O ato nº 12 de 3 de março de 1923, assinado pelo então Prefeito Alcindo Sodré, dizia o seguinte:
“O Prefeito Municipal de Petrópolis, de acordo com a letra a do artigo 33 da lei nº 1734 de 14 de novembro de 1921, resolve dar aos logradouros públicos situados em Corrêas, 2º distrito, abaixo discriminados, as seguintes denominações: de Praça Euzébio de Queiroz, ao logradouro compreendido entre a linha da Leopoldina Railway e as pontes sobre os rios Piabanha e Morto; de rua Álvares de Azevedo, ao trecho da Estrada do Bonfim situado entre a linha férrea e o Poço do Imperador e, de rua Edwiges de Queiroz, ao trecho que, partindo da praça acima, margeia o leito da Leopoldina Railway em direção à Nogueira, numa extensão de 700 metros”.
Antonio Machado à pág. 244 do 1º volume dos Trabalhos da Comissão do Centenário de Petrópolis, no seu “Nomenclatura Urbana”, assinala:
“Por ato de 1923 foi dado o nome de Edwiges de Queiroz à artéria entre a ponte do rio Morto em Corrêas e o povoado de Nogueira, compreendendo a rua Maria Carolina ( mulher de Joaquim Zeferino de Souza ), que termina no princípio da rua Tiradentes, junto à célebre figueira e, o trecho da Estrada Mineira que daí segue até a Estação de Nogueira. O ato municipal, entretanto, não foi executado”.
Na verdade o nome não pegou.
Trinta anos depois, a Deliberação 445 de 23 de julho de 1953, estabelecia no seu artigo 1º:
“Fica denominada Praça Edwiges de Queiroz o logradouro público entre as ruas E Bis, D, D Bis e B Bis, na localidade de Corrêas, 2º distrito de Petrópolis, Loteamento de Domingos de Souza Nogueira Filho”.
Não consta aos moradores daquela localidade que essa investida do poder municipal, tenha tido oficial e oficiosamente qualquer sucesso.
Em 1973, graças a gestões feitas pela viúva do Dr. Edwiges de Queiroz junto à Câmara Municipal, a Deliberação 3459 de 24 de setembro, sancionada pelo Prefeito Paulo Rattes, denominou Estrada Edwiges de Queiroz, o logradouro público conhecido por Estrada do Caetetu.

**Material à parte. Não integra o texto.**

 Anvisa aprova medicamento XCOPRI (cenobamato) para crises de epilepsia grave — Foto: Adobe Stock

Apesar de perfeitamente adequada ao meio, dado que o Caetetu foi a menina dos olhos do homenageado, mais uma vez o nome não emplacou.

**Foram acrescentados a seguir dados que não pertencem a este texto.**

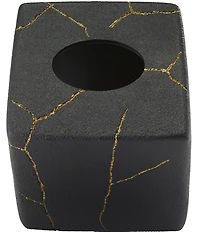 Avanti Linens x Nicole Miller Sydney Tissue Box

Erradamente consta o logradouro dos cadastros municipais como Estrada Luiz Gomes da Silva, mas, na prática e na placa a artéria foi, é e será sempre Estrada do Caetetu, nome expressivo e natural que o povo deu e consagrou.
Seja como for a figura do Dr. Edwiges de Queiroz merecia essa reabilitação perante a memória fluminense e petropolitana, da qual encarreguei-me prazeirosamente, neste ano em que transcorrem os oitenta anos de seu falecimento.